To do - At the line with "消费降级下，三线城市需要一个", start transcribing; stop after the last line of the data below. Keep it exact and leave pictures out.

Provided data -
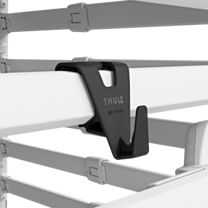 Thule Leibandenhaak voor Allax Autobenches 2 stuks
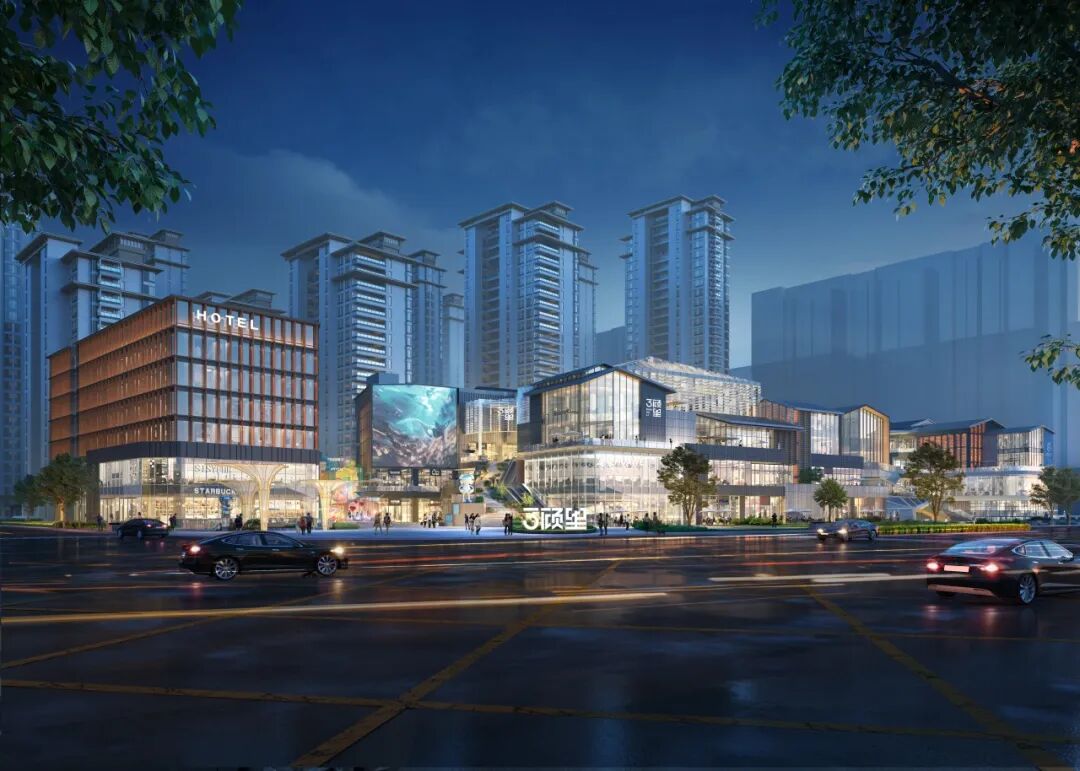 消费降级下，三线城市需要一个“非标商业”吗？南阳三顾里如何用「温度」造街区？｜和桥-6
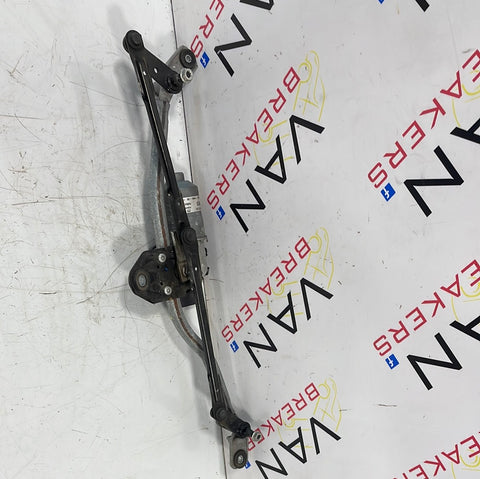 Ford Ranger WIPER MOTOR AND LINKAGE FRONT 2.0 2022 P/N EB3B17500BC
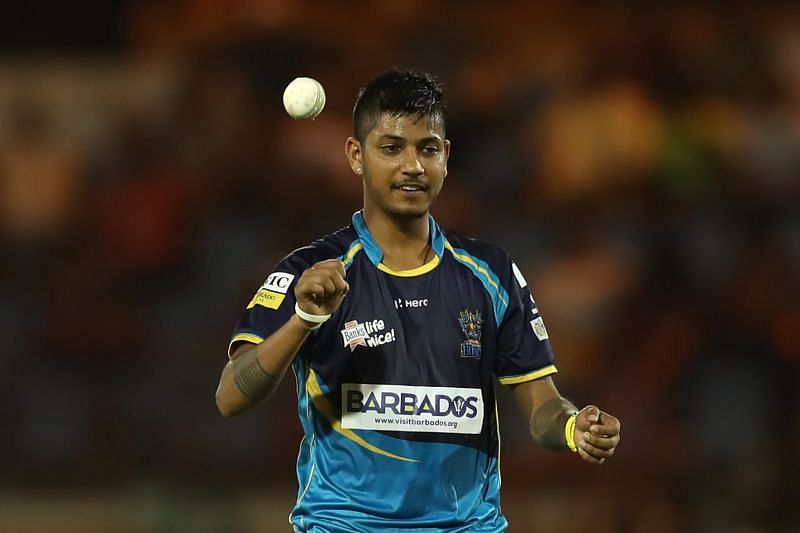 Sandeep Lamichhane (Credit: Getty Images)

Answer for the task -
 消费降级下，三线城市需要一个“非标商业”吗？南阳三顾里如何用「温度」造街区？｜和桥-6
 Ford Ranger WIPER MOTOR AND LINKAGE FRONT 2.0 2022 P/N EB3B17500BC
 Sandeep Lamichhane (Credit: Getty Images)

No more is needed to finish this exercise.